Media Review: Jentry Chau vs. The Underworld

Jentry Chau vs. the Underworld is a an animated series created by Echo Wu. It tells the story of the titular character, Jentry Chau, a sixteen year old girl who has to fight forces of the Chinese underworld and learn to control power she was not born with to preserve her life.
After the introduction of the characters and conflict, I wasn't the biggest fan of the first half. Jentry was taken from her safe space and friend group in her school in Korea, back to Dallas, Texas in the United States where a painful event happened. While she was forced to readjust to her hometown to learn how to control her powers, her crushing alienation from her peers and the development of the heterosexual love triangle over platonic relationships in between the plot didn't help.
However, the series had several small aspects that brought me back for a second binge. The story was fascinating, a Chinese-American teenage girl protagonist who has to learn martial arts and fight for her life or get killed by stronger forces. The mysteries behind her past and her family. The implementation of Chinese lore in an Western setting (Jake Long the Occidental Dragon, anyone?). The protagonists fashion style! The animation quality of the fight scenes!! The K-pop fight music!! The CLIFHANGERS!!!!
This series was so COOL! My grievances are more about things they show didn't do rather than what it did (the love interests were pretty likeable and interesting characters I just didn't like that they were the only likeable and interesting characters that regularly interacted with the protagonist) so I decided to give it another chance. And I'm so glad I did. After the love triangle concluded I was able to enjoy the story, the protagonist, and the Chau family.
As an avid enjoyer of all things Shoujo and Queer, this felt like the Western equivalent of a supernatural action shoujo series. The focus is on the female protagonist's feelings and how she deals with the world around her. She's stubborn, awkward, artistically inclined, and loves Korean fashion and music.

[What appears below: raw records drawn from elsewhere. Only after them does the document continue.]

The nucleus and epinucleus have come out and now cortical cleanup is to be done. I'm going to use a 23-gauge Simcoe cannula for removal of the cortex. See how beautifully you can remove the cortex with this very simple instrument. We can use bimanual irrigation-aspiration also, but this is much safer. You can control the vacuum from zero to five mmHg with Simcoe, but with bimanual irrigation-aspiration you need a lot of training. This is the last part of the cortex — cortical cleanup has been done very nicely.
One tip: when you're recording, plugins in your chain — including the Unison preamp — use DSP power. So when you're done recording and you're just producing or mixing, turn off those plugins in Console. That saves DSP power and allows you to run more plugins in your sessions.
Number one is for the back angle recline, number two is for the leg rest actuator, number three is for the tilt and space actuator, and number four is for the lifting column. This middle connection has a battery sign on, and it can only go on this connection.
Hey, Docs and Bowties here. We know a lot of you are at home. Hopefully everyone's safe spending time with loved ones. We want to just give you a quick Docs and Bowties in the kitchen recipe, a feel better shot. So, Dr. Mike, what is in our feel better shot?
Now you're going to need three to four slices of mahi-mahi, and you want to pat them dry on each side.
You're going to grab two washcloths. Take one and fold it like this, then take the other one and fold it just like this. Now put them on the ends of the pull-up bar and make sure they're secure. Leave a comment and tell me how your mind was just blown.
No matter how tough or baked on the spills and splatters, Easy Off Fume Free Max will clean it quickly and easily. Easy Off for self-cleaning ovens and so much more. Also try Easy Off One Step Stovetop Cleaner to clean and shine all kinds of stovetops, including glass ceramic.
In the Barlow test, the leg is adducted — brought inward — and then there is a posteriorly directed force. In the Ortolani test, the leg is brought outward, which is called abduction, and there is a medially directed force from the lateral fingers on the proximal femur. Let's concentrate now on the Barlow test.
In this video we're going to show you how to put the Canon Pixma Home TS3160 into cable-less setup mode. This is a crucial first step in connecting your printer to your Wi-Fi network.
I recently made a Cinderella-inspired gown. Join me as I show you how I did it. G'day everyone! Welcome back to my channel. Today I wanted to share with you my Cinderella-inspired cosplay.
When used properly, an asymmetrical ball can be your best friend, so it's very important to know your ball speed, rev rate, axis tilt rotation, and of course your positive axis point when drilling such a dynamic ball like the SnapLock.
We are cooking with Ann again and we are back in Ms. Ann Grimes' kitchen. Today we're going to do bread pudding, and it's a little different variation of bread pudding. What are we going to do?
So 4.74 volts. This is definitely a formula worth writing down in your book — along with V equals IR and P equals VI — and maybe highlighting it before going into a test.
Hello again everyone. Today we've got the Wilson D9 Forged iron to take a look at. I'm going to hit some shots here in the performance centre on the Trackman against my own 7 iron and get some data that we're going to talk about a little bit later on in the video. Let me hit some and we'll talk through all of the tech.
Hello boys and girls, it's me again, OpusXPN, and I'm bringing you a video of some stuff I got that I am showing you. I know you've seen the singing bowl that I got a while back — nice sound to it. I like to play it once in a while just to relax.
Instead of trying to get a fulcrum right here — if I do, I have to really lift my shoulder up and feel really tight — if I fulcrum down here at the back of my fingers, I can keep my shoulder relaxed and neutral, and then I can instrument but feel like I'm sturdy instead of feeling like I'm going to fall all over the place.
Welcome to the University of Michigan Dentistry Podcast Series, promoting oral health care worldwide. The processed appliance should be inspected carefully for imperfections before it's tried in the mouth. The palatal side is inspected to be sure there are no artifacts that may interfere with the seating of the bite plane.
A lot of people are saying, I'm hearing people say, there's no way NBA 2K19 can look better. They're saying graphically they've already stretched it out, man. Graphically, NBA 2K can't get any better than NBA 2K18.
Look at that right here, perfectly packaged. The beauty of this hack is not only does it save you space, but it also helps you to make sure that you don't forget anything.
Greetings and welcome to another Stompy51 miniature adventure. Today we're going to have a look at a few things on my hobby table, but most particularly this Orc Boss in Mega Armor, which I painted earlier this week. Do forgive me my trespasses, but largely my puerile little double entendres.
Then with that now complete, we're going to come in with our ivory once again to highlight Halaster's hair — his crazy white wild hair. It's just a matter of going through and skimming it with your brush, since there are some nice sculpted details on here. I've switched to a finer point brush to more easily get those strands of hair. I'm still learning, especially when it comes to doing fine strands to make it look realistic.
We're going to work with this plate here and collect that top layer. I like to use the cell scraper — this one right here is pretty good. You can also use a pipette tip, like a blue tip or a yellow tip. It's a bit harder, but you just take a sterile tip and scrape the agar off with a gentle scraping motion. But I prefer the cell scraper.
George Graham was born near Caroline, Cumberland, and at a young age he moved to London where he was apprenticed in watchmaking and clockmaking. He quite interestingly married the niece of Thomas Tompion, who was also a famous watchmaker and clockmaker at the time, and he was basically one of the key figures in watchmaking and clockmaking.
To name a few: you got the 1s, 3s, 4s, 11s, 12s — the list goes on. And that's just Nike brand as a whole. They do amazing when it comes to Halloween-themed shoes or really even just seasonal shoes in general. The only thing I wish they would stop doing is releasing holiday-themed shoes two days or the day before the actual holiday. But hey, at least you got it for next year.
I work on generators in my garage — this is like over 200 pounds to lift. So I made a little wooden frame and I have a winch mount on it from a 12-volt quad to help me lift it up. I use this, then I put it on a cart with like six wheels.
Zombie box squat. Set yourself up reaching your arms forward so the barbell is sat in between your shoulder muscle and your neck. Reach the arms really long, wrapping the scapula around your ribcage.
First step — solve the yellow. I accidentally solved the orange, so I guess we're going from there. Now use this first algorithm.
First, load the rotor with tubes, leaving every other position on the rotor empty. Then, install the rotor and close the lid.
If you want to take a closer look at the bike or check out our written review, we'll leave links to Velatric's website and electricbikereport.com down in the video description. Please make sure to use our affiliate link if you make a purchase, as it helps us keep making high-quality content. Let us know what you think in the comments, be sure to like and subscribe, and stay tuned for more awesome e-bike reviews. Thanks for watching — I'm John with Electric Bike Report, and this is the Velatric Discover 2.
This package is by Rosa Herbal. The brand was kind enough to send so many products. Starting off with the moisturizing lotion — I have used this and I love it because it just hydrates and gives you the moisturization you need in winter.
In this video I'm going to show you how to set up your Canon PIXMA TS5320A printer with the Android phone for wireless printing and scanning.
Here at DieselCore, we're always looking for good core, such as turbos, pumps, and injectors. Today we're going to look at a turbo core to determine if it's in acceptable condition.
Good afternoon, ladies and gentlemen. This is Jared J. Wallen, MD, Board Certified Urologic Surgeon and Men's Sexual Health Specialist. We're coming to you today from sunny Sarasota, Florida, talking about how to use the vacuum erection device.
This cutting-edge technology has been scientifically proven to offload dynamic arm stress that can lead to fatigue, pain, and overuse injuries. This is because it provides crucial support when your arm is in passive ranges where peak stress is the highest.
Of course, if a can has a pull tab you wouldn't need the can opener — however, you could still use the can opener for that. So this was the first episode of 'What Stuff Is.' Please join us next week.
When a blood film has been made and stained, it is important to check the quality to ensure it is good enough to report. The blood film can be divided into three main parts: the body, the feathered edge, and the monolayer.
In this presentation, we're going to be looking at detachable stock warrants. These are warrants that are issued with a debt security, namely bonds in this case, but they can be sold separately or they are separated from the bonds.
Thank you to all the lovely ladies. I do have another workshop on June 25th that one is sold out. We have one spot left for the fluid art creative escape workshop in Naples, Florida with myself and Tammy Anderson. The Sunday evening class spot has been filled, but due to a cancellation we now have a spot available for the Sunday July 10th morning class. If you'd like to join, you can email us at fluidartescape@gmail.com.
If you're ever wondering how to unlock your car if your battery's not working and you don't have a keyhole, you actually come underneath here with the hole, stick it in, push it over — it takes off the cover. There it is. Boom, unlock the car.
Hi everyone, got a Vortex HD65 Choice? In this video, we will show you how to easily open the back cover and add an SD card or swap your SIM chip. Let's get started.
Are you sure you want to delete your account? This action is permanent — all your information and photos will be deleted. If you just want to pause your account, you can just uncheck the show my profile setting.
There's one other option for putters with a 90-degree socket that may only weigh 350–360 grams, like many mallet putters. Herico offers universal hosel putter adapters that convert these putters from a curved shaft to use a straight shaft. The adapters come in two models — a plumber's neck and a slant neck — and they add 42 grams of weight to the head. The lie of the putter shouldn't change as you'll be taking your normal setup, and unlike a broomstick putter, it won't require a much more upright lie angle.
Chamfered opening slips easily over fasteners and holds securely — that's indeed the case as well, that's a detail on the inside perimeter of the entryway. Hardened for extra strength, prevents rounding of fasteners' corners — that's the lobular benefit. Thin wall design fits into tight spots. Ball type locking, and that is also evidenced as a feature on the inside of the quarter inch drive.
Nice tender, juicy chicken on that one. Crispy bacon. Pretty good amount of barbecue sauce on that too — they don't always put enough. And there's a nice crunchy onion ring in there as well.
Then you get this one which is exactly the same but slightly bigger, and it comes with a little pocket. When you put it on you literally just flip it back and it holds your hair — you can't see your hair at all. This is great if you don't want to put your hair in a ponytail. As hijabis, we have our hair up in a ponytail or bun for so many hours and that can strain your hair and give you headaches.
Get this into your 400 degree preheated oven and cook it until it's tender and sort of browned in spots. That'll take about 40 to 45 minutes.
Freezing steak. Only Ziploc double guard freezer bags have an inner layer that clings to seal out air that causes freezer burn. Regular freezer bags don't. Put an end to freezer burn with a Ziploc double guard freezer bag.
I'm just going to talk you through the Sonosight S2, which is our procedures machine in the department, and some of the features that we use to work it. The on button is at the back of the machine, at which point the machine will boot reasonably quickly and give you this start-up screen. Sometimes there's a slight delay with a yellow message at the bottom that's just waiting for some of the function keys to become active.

Granted I am not a sixteen old girl into Korean fashion so the finer details on that department in particular elude me. I just know she looks cool and feminine while kicking ass (read: trying to survive) and I love that for her and the show.
The rest of the Chau family is similarly filled with these stubborn and opinionated women from various generations. Their perspectives are what matter. The story is their own.
The most relatable and unique aspect of the series is the blend between cultures. The protagonist's Chinese background clashes with her life as a young woman in Korea's Seoul while part of her childhood was spent in the United States. Much of the series is about her grappling with her Chinese and American backgrounds as she returns home. As someone who grew up with American cartoons and live action, the transition to a public American high school setting felt familiar yet somewhat alien.
Now, let's get a bit personal. I grew up in the early 2000s watching Japanese anime and American cartoons. English isn't my first language and neither is Japanese. One of these is part of my background, one that I have little connection to. As an adult, I main dwell on English-speaking online sites who are mostly dwelled on by people in North America.
The protagonist stood out to me because I had never seen this multiculturality showcased so respectfully. Jentry chose Korean culture by continuing to listen to K-pop and Korean fashion while outside Korea. Her Chinese background came with her, and being raised in the U.S. wasn't her choice either.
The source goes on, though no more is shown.